I’m knocking on wood for even writing this blog post. Praying I don’t get sick just from talking about puke club. I read somewhere on the internet one time that the stomach virus was tested on a surface for a 2 week time period and still showed up positive. After the two week period they quit testing. The stomach virus is a gnarly little bug!
If you’ve never dealt with the stomach bug then bless your hearts! But for the rest of us who have a child that’s caught the bug and it’s ran rampant through your family, this post is for you! I don’t like to use the word hate but I HATE HATE HATE the stomach bug! It’s the most awful terrible thing to deal with! Every time my kiddo would come home with the stomach bug, it was a waiting game to see when we would all get sick. Well, not anymore! I found some great ways to keep the dreaded bug at bay!
First rule of puke club…Do not kiss your child! I know that sounds harsh and I know what you’re thinking…that is part of comforting your child, but how comforting will you be if you are laying on the cold bathroom floor and hugging the porcelain throne? Wouldn’t you rather be fully able to take care of your sick kids? I’ve been the momma that has cuddled her baby who’s had the stomach bug only to throw up within the next 24 hrs. After that I was useless. JUST DON’T DO IT!
Second rule of puke club…Invest in a box of throw away gloves! They are a life saver! Every time you hear the ever dreaded puke sound, throw on some gloves. Make sure you have your trashcan ready to go before putting on the gloves! You want to avoid touching anything with those germ infested gloves after you’ve left the battle zone.
Third rule of puke club…Hand sanitizer is a must! Every time you take off those gloves wash your hands and apply antibacterial hand sanitizer all the way up to your elbows! I even rub the sanitizer over phones and remote controls.
Fourth rule of puke club…Red solo cups aren’t just for partying they are your battle friends! Any Pedialyte or Gatorade you can get the kiddos to drink should be done from a throw away cup! When they are finished with their drink, slap on your gloves and throw the cups in the trash! No need to spread those germs to the kitchen sink.

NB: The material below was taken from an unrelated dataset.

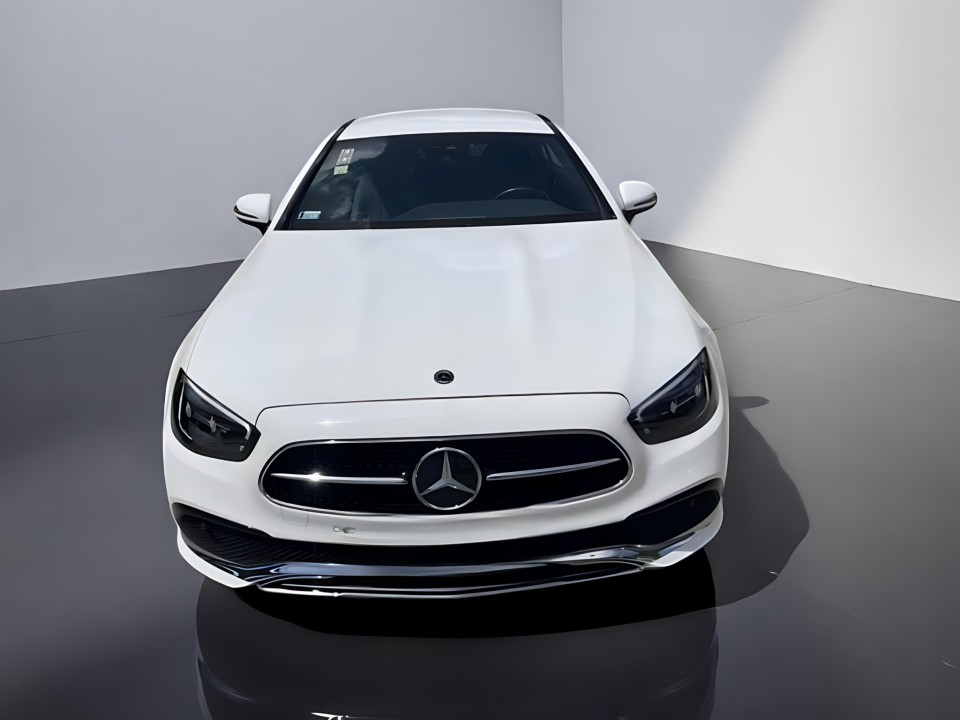 Mercedes-Benz E 200 (2)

Fifth rule of puke club…Lysol is your very best friend! Each and every time a new puke happens or something from the dreaded other end…spray everything down with Lysol while wearing gloves of course. I spray every inch of the bathroom from the toilet to the floor to the sink to the light switches and even the door knobs! The key is to let the Lysol set. If there’s debris left behind, make sure and wipe it up but only after the Lysol has set for 15 mins. Then when the next incident happens spray again. Walk away never to return until you hear it happening all over again. Spray again! Finally when there is no more puking or the terrible #2 put on the gloves and spray again. Let set for 15 mins or if your mom calls you in the mist of your hazmat suit stomach virus battle, then let it set for the hour long phone call. Even better! The key is to constantly be layering Lysol. Surely by now we have killed the ever lingering bug and can wipe down the whole room.

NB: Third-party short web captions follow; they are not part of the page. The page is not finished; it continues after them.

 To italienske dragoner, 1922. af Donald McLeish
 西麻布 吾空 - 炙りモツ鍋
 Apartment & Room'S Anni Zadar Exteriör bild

Sixth rule of puke club…Keep the little puky pukersons quarantined to one bathroom and one bedroom. Don’t feel bad about this! They are too weak to play anyway. This helps keep the bug from traveling all over the house. Plus you will only have to set off Lysol bombs in two rooms. If you’re not keen on the smell of Lysol like myself…deal with it! You’ll thank me later.
Seventh rule of puke club…When cleaning the bedding slap on a new pair of gloves and keep it all away from your body while transporting to the washer. Actually you should open your washing machine before putting on the gloves. Leave it open until you’re ready to start the load. Make sure and apply hand sanitizer after removing the gloves and I would even recommend throwing the clothes you have on in the wash! Take no chances I say!
Eighth rule of puke club…Put on a new pair of gloves. Spray Lysol on any cleaning supply bottles you’ve used and let set for 15 mins. If you actually have any Lysol left then wipe sanitizer all over the bottle, otherwise throw the Lysol can in the trash.
So far the kiddo has gotten the stomach bug twice this year and the rest of the family has been able to avoid catching it by using my 8 Rules Of Puke Club. I hope these rules can help you and your family. Do you have any clever ideas on how to keep the stomach bug at bay? How do you fight this awful virus?